このことにつきましては、最高裁判所の判決もあり、第三者とは「被災労働者との間に労災保険関係のない者」(最判、昭41・6・7)であるということです。
これで、第三者についての法的な定義がはっきりしてきましたが、何だか変な気がいたしませんか。
第三者が、厚生労働省や最高裁判所がいうように、政府と「被災労働者」以外の者であるということになりますと、その被災労働者を使用している事業主も、当然、第三者に該当するということになります。
そうしますと、労災保険法の扱いにおかしなことが起きてきます。
すなわちそうなりますと、保険給付の原因となる事故が、事業主の行為によって生じた場合に、政府が、その被災労働者に対して保険給付を行ったときには、政府は労災保険法第12条の4第1項の規定により、事業主に対して求償できることになります。
事業主は第三者に該当するのですから、当然すぎることです。
ところが、同じ労災保険法のなかの第31条第1項第3号には、「事業主が故意又は重大な過失により生じさせた業務災害の原因である事故」の被災者に保険給付を行ったときには、政府はその保険給付に要した費用に相当する金額の全部又は一部を事業主から徴収することができると規定されています。

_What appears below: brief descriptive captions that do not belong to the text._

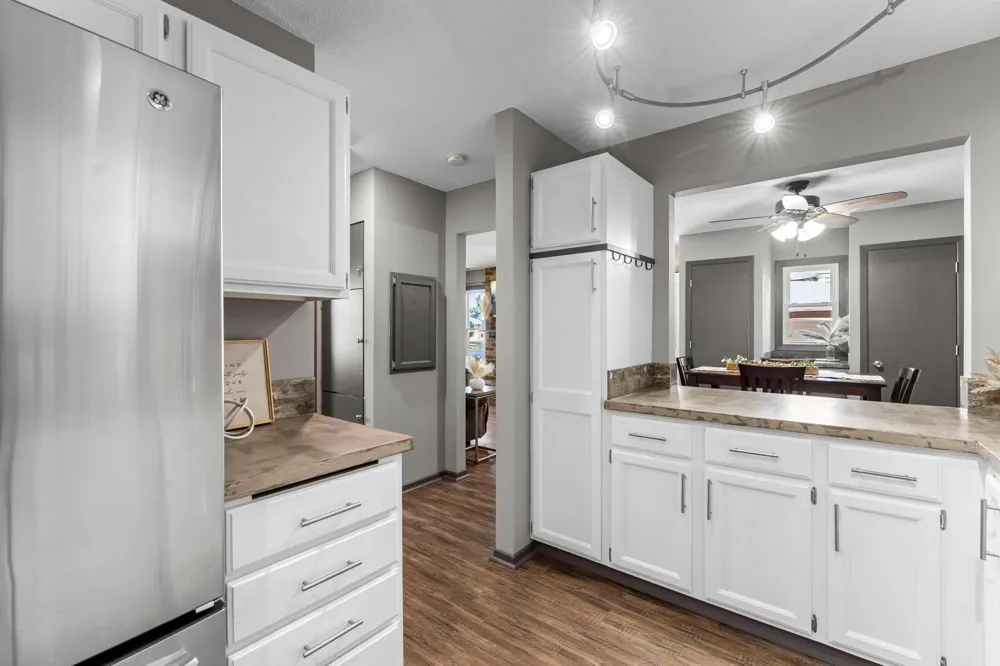 9362 Ranchview Lane Maple Grove, MN 55369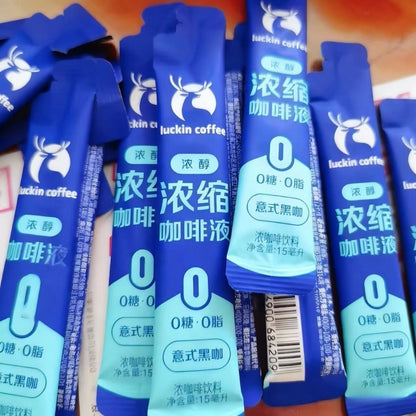[新货亏卖冲销量] 瑞幸咖啡 浓缩咖啡液 意式黑咖 生椰风味 即溶咖啡饮料 提神速溶 便携咖啡液 Instant Black Coffee (15ml)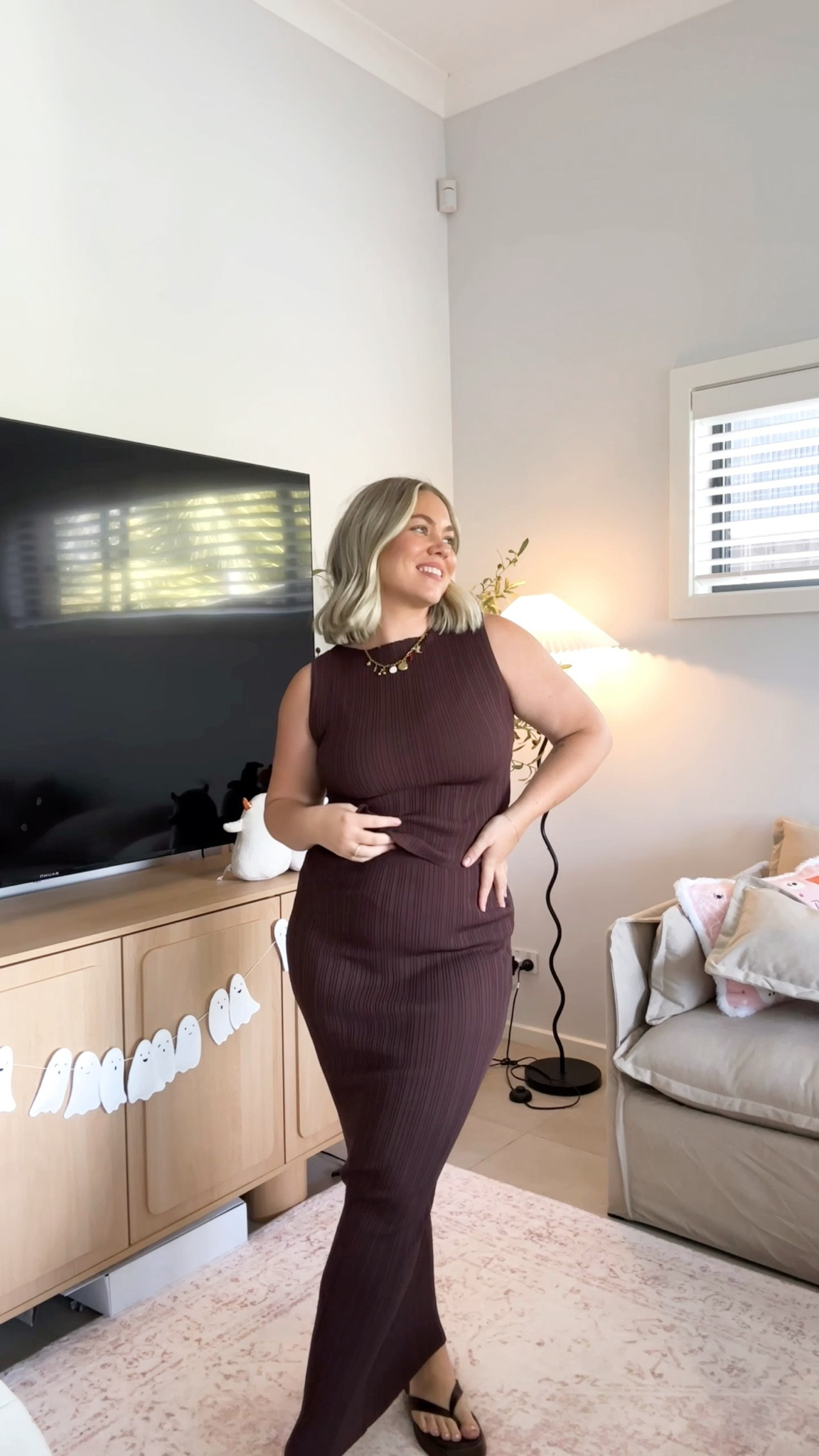 Wearing the denim shirts in a 14
Denim top in a 12
Brown set in a M/L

そうしますと、もし、事業主の重大な過失により業務災害が発生し、それに対して労働基準監督署長が保険給付したときには、都道府県労働局長は、その事業主に対して、第12条の4第1項に基づく求償権と、第31条第1項に基づく費用徴収権の両方を有することになります。
特に後者については、国税滞納処分の例により局長には強制徴収権もありますから、事業主は踏んだり蹴ったりということになるおそれがあります。
これは一体どうしたことでしょう。
歴史的な経過 実は、この矛盾については、歴史的な事情があるようです。
現在の労災保険法(正式には労働者災害補償保険法)の前身として戦前にあったのは労働者災害扶助責任保険法です。
これは、現在の労災保険法が、労働者を被保険者として扱っているのとは違って、事業主が被保険者でした。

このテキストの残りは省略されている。